È quanto emerge dall’ordinanza 32195/146, pubblicata il 21 dicembre dalla sezione lavoro del tribunale di Milano (giudice Giulia Dossi).          

Accolto il ricorso della donna: sono riconosciuti arretrati per 1.760 euro alla donna salvadoregna che si è rivolta alle associazioni Asgi e Anolf e ora ottiene soddisfazione.

La signora si era vista rifiutare dall’Inps la domanda di assegno di natalità sul rilievo che non risultava in possesso di un «utile titolo di soggiorno», vale a dire del permesso di soggiorno per soggiornanti di lungo periodo. Il fatto è che la cittadina del Paese centroamericano risulta comunque titolare di un’autorizzazione che le consente di lavorare in Italia. E dunque le va riconosciuto il diritto al bonus bebè venendo trattata come le altre mamme italiane, a parità di reddito Isee.
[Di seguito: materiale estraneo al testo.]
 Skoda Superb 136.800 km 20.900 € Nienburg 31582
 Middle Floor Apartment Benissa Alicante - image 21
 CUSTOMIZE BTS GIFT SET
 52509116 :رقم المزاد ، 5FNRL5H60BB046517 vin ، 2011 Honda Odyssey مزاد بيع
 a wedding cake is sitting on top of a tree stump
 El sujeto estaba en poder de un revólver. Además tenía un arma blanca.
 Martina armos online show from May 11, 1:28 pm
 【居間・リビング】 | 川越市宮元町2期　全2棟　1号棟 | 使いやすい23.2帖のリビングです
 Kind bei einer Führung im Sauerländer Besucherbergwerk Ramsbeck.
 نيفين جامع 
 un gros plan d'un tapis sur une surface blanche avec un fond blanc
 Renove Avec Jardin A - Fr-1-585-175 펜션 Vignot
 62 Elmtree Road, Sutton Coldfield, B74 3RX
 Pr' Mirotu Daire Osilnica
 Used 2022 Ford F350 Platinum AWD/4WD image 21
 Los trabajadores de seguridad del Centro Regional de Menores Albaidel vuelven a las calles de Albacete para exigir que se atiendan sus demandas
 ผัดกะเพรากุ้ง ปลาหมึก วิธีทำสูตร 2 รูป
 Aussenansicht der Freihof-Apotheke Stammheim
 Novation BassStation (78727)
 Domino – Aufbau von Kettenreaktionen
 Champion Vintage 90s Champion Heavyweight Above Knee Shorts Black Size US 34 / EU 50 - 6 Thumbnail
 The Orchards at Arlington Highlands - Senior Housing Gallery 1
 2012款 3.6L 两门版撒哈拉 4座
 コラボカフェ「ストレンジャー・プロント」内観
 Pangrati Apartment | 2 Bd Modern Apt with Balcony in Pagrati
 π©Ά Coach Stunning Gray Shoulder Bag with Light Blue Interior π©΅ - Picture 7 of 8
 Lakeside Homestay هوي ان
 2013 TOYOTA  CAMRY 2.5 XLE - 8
L’Inps dovrà dunque corrispondere alla signora le ulteriori quote mensili fino a quando resteranno le condizioni reddituali, con interessi legali dalle scadenze al saldo. All’Inps non resta che pagare, anche le spese di lite.

Secondo Giovanni D’Agata presidente dello “Sportello dei Diritti”,è in arrivo insomma uno stillicidio di sentenze contro l’esclusione degli immigrati dal bonus bebè. Il governo e il Parlamento avrebbero potuto evitarlo, ora si muovano ad adeguare la legge alle norme comunitarie di Bruxelles.

Nel 2016 l’Inps con una circolare aveva ribadito che le domande di chi non ha la carta di soggiorno vanno rigettate.

La decisione del Tribunale di Milano demolisce quella presa di posizione e apre la strada, oltre che ad altri ricorsi, alla presentazione delle domande da parte di chi finora credeva di non avere i requisiti.